What is being asked:
Here the job is to copy the data exactly and to exclude every image from it.

┄┄┄┄┄┄

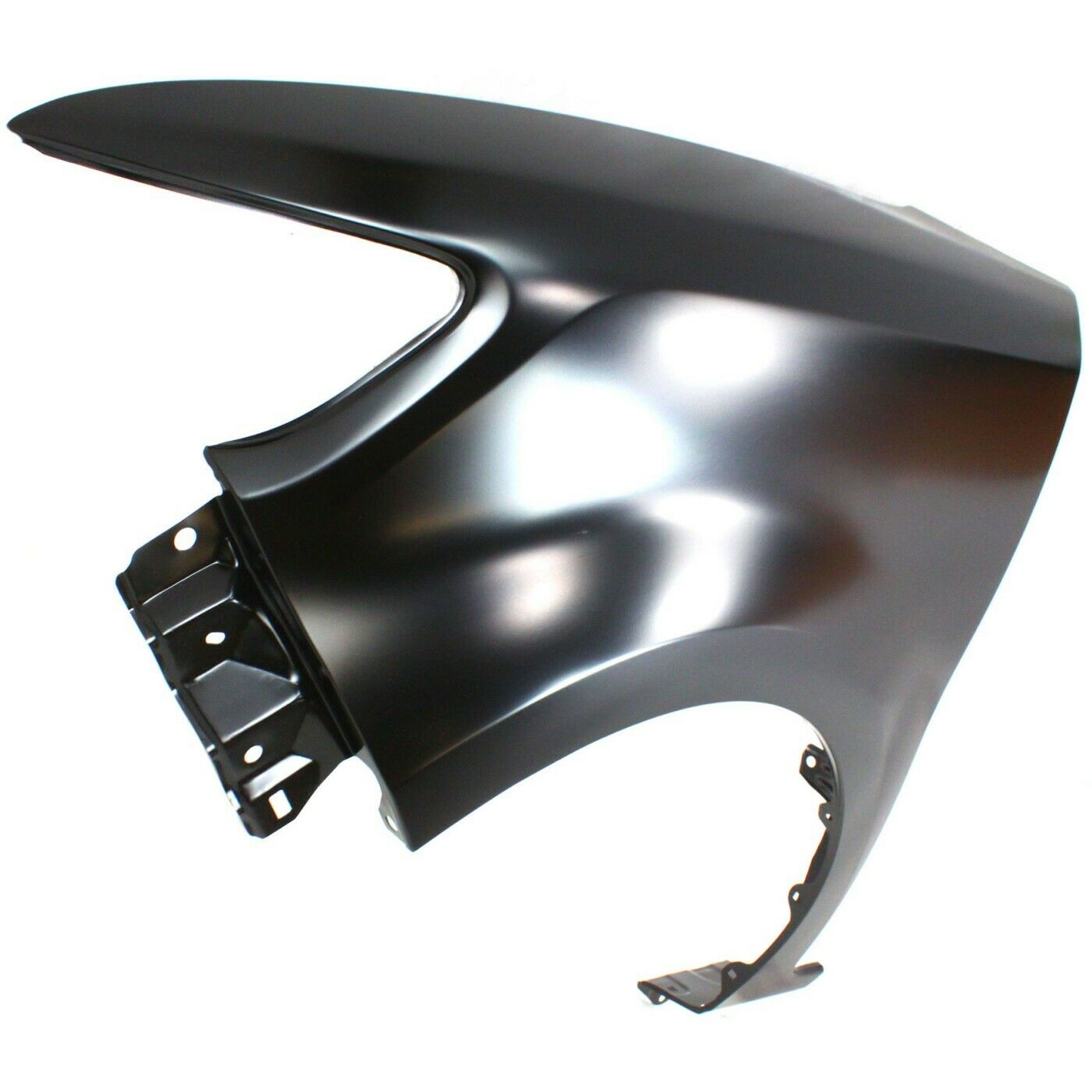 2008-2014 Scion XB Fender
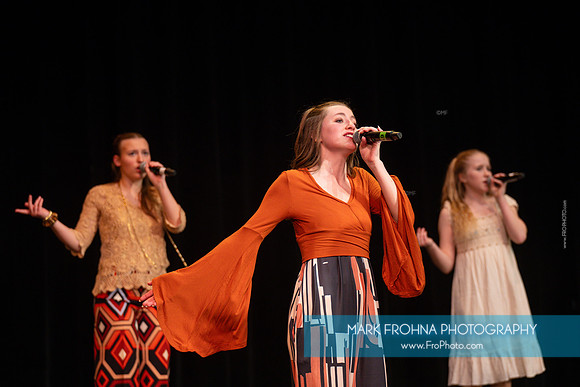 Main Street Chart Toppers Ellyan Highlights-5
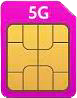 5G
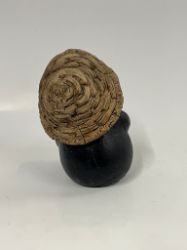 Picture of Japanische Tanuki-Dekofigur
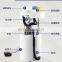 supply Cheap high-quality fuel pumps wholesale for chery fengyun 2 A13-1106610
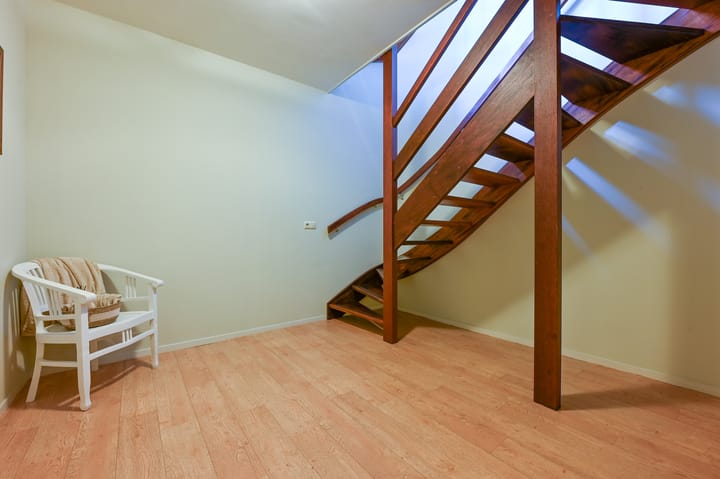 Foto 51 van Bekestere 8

┄┄┄┄┄┄

Worked solution:
 2008-2014 Scion XB Fender
 Main Street Chart Toppers Ellyan Highlights-5
 5G
 Picture of Japanische Tanuki-Dekofigur
 supply Cheap high-quality fuel pumps wholesale for chery fengyun 2 A13-1106610
 Foto 51 van Bekestere 8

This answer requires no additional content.